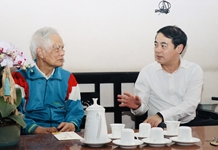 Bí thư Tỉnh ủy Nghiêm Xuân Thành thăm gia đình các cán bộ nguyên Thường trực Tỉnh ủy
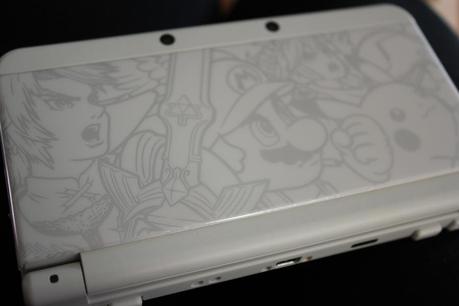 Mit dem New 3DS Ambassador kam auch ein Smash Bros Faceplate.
##############################
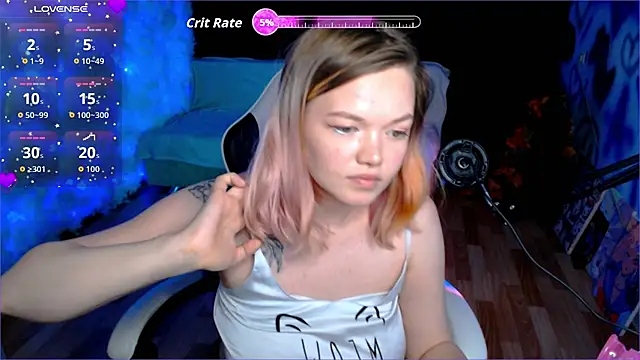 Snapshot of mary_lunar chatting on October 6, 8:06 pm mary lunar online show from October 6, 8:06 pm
##############################
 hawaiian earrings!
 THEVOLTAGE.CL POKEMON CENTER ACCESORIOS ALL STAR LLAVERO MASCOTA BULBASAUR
##############################
Activity — Within the listing above, the lines from the one with "Bí thư Tỉnh" through the one with "Mit dem New" are to be given again word for word. Do not include pictures.

Solution to this problem —
 Bí thư Tỉnh ủy Nghiêm Xuân Thành thăm gia đình các cán bộ nguyên Thường trực Tỉnh ủy
 Mit dem New 3DS Ambassador kam auch ein Smash Bros Faceplate.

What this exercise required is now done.